- COLLECTED DATA
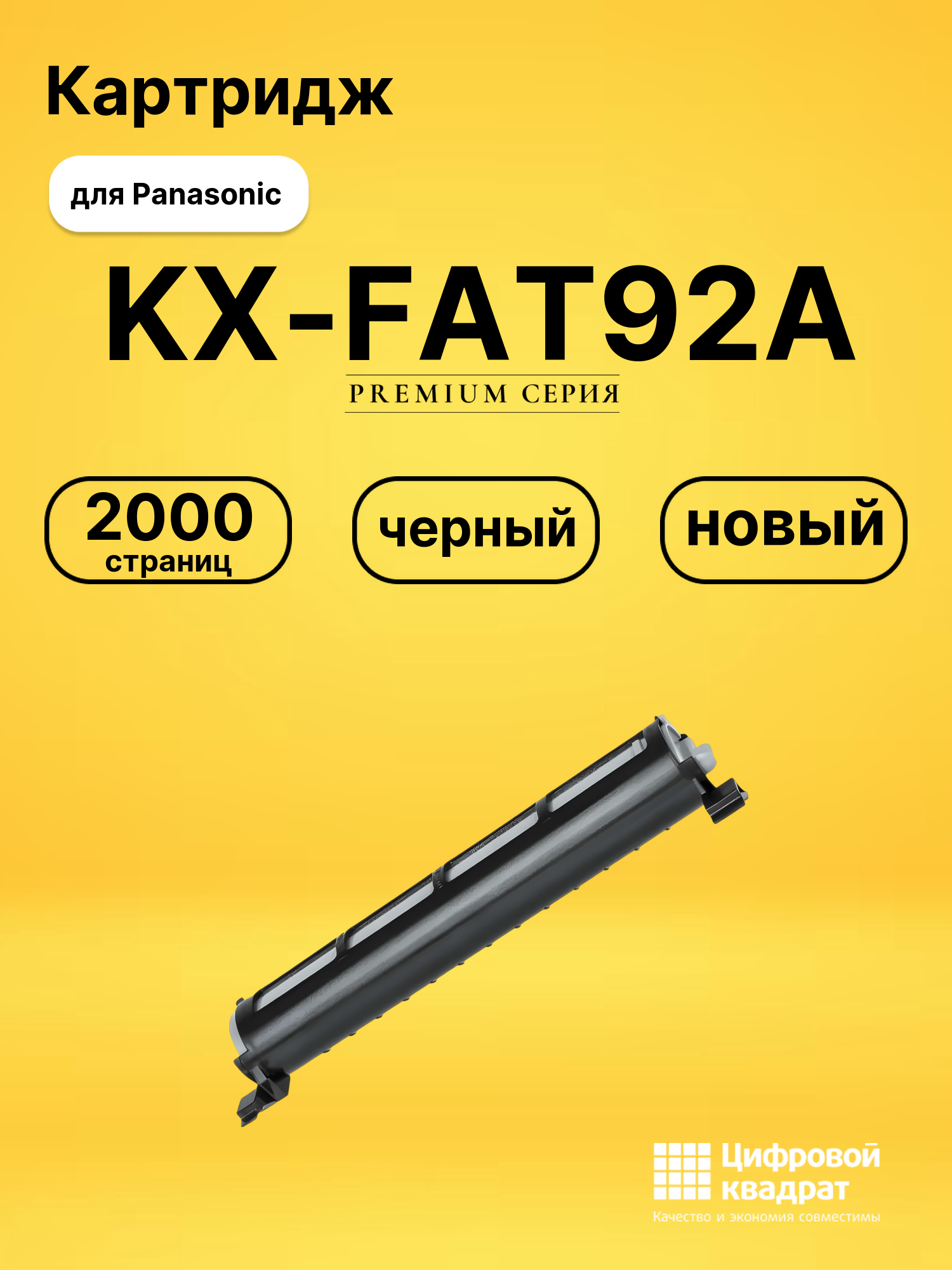 Картридж KX-FAT92A для Panasonic KX-MB261 черный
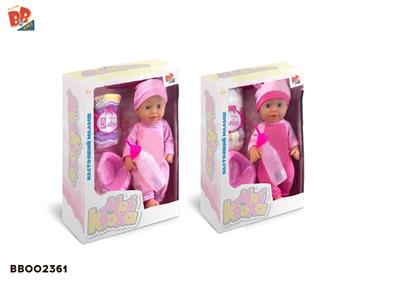 Babytrollyfordoll - BB002361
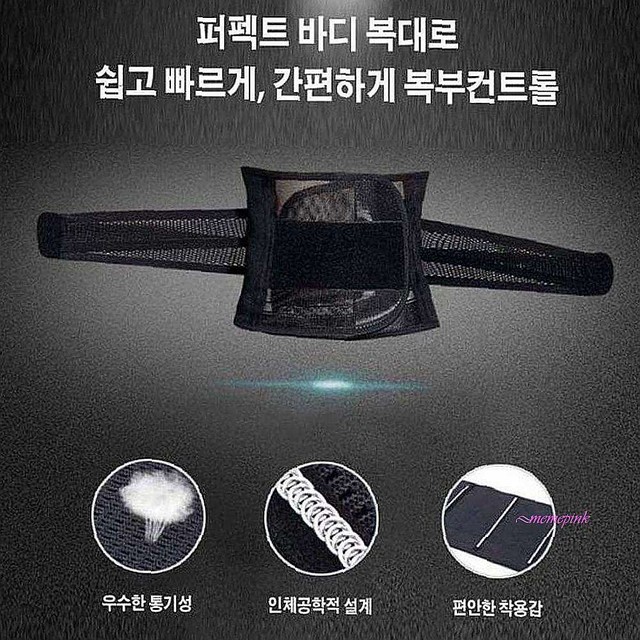 미미체형관리 이미지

- TASK BRIEF
Set the pictures aside and reproduce the data above exactly.

- COMPLETED EXERCISE
 Картридж KX-FAT92A для Panasonic KX-MB261 черный
 Babytrollyfordoll - BB002361
 미미체형관리 이미지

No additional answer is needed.